Bobbie Hilliam (Nominated Advisor)

 

Michael Johnson / Julian Morse (Corporate Broking)

 


 

Walbrook PR

Tel: +44 (0)20 7933 8780 or medaphor@walbrookpr.com

Paul McManus / Anna Dunphy

Mob: +44 (0)7980 541 893 / Mob: +44 (0)7876 741 001

 



 

About MedaPhor (www.medaphor.com)

MedaPhor (AIM: MED), the intelligent ultrasound software and simulation company, develops advanced hi-fidelity haptic and manikin based training simulators, clinical image analysis software tools, augmented reality based needle guidance software and artificial intelligence based automated scanning software for all medical practitioners.

 
Based in Cardiff and Oxford in the UK and Atlanta in the US, MedaPhor is split into two divisions:

 
Ultrasound Simulation and Training

 
Focuses on hi-fidelity ultrasound education and training through simulation.

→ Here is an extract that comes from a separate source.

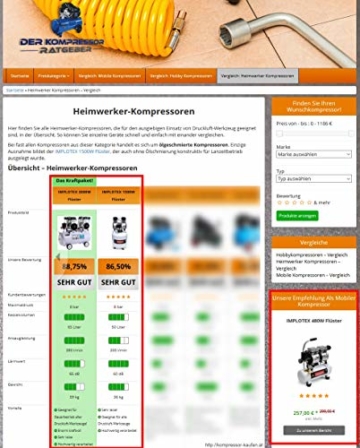 3000W 4PS Silent Flüsterkompressor Druckluftkompressor Kompressor 65dB leise ölfrei inkl. Ausblaspistole und Druckluftschlauch IMPLOTEX - 4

Its three main products are the ScanTrainer OBGYN and General Medical simulator training platform, the HeartWorks echocardiography simulator platform and the BodyWorks Point-of-Care simulator platform (launching January 2018). Over 500 MedaPhor simulators have been sold to over 300 medical institutions in over 30 countries around the world.

 
Intelligent Ultrasound

 
Focuses on developing augmented reality and deep-learning based algorithms to make ultrasound machines smarter and more accessible. ScanNav uses machine-learning based algorithms to automatically access and grade ultrasound images to provide scan assessment and audit of obstetric scanning. NeedleGuide aims to simplify ultrasound-guided needling by using deep learning and augmented reality to provide the user with pathway guidance and automated tracking for a range of medical procedures.